Het demissionaire kabinet had onlangs veel werk gemaakt van een initiatief om Afghaanse asielzoekers terug te kunnen sturen, maar nu beduidend minder werk van het redden van Afghanen die onze troepen hebben geholpen. Begin juni had de Tweede Kamer het kabinet al opgeroepen om de tolken die Nederland hebben geholpen en nu dus voor hun leven moeten vrezen, in veiligheid te brengen. Dat was niet gebeurd. Het kabinet had wel zorgen. Niet over die mensen, maar over een toename van asielaanvragen en een ‘aanzuigende werking’.
Ondertussen zagen we op televisie beelden van een andere aanzuigende werking: die van vliegtuigen, de laatste kans om te ontsnappen aan de terreur van de haatbaarden. We zagen mensen van enorme hoogte te pletter vallen, net als bij 9/11. Het beeld van de terreur van islamitisch fundamentalisme: onschuldige slachtoffers die uit de lucht vallen.

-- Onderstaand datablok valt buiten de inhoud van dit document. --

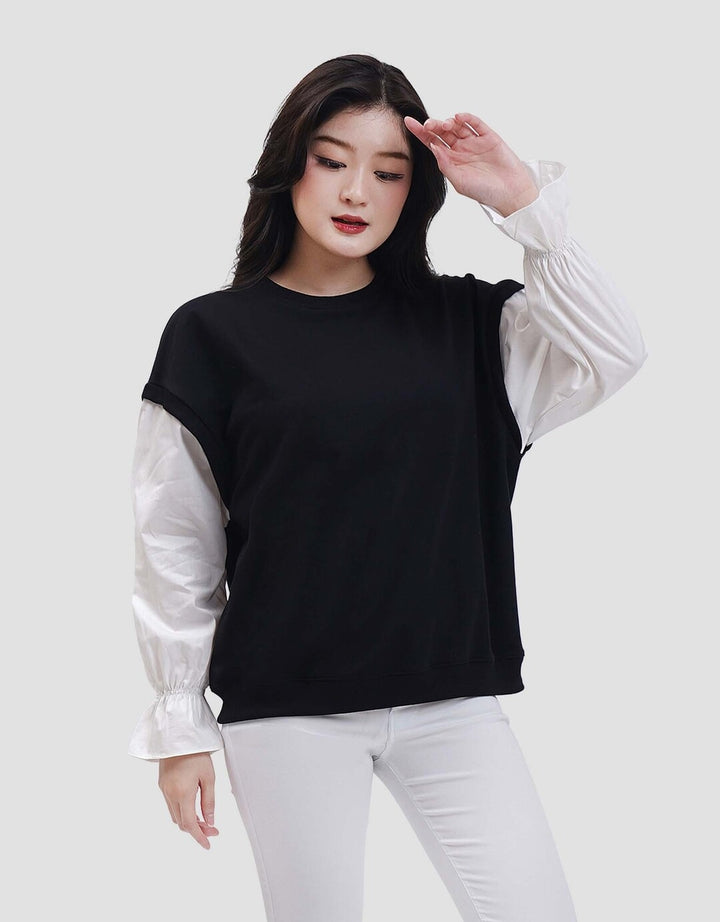 Nevada Babyterry Reg Comb Woven Ruffle Sweater Wanita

Dat de Tweede Kamer ons demissionaire kabinet tot spoed moest manen en moest voorhouden dat Nederland een zorgplicht heeft voor mensen die ons twintig jaar hebben geholpen, is al te pijnlijk voor worden. Maar het kon nog gênanter, zo bleek. En wel uit de hoek van de partijen die altijd de felste kritiek hebben op de islam, maar opeens wegkijken wanneer de meest kwaadaardige, achterlijke en agressieve versie daarvan een land herovert.

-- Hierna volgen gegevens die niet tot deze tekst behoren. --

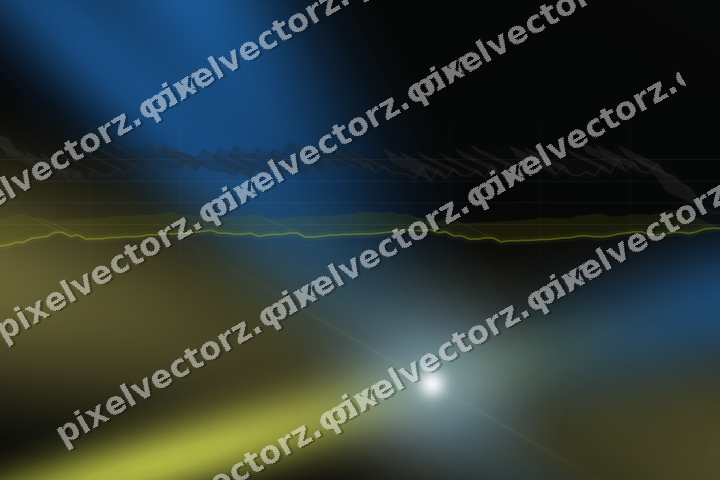 Glowing neon chart background in blue and yellow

Er was Joost Eerdmans van JA21 die, nou vooruit, tolken nog wel wilde helpen, maar ‘koks en bewakers vinden we lastig, want waar leggen we de grens?’ Het moest niet zo zijn dat ‘iedereen die een ei heeft gebakken voor Nederland’ hier naar toe komt. En die eierbakkers nemen dan natuurlijk ook hun hele familie mee, herhaalde Eerdmans, net als de waarschuwing dat ze, eenmaal hier, natuurlijk ook blíjven. Alleen met Pasen eten Nederlanders al 35 miljoen eieren, maar het was duidelijk wie die van Eerdmans níet mag bakken. Ook niet als die Afghaan dat in de afgelopen jaren wel heeft gedaan voor Nederland, en precies dat nu het einde van zijn leven kan betekenen.

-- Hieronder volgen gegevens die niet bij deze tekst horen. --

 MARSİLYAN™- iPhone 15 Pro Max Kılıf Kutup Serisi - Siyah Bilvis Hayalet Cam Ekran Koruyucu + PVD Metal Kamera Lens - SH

Dan was er Sietse Fritsma van de PVV. De woordvoerder van de Partij voor de Vrijheid wijdde geen enkel woord aan de vrijheid van Afghaanse vrouwen, of die van Afghanen die met alle risico’s Nederland hebben geholpen. Fritsma’s oproep: “Hou ze tegen!” Daarna begon hij over ‘gewone Nederlanders’ die geen huurwoning kunnen krijgen door Syrische vluchtelingen, een van de allersmerigste leugens om jaren aan falend volkshuisvestigingsbeleid af te schuiven op slachtoffers van een oorlog.
En dan was jij er, vertegenwoordiger van de fractie van die huisjesmelker (over oorzaken van woningnood gesproken) die na de VVD en FvD voor zichzelf is begonnen. De emotie dreigde in dit debat de ratio te overstijgen, stelde je. Immers: die Afghanen die als beveiliger of kok voor Nederland werkten, dat ‘waren gewoon betaalde banen, dat hadden ze voor iemand anders ook gedaan’. Willen ze toch deze kant op komen, dan ‘ligt de bewijslast bij de Afghanen, denk aan een arbeidscontract’.
Een arbeidscontract! Nu maar hopen voor die Afghanen dat de flexibilisering daar nog niet zo ver is doorgeschoten als in Nederland, en dat die beveiligers en koks met een nulurencontract staan te zwaaien. Anders moeten ze de gewapende Taliban-commandant aan hun deur maar uitleggen dat ze dit werk ‘voor iemand anders ook hadden gedaan’. Dat begrijpt de Taliban vast, als ze ratio even boven emoties stellen.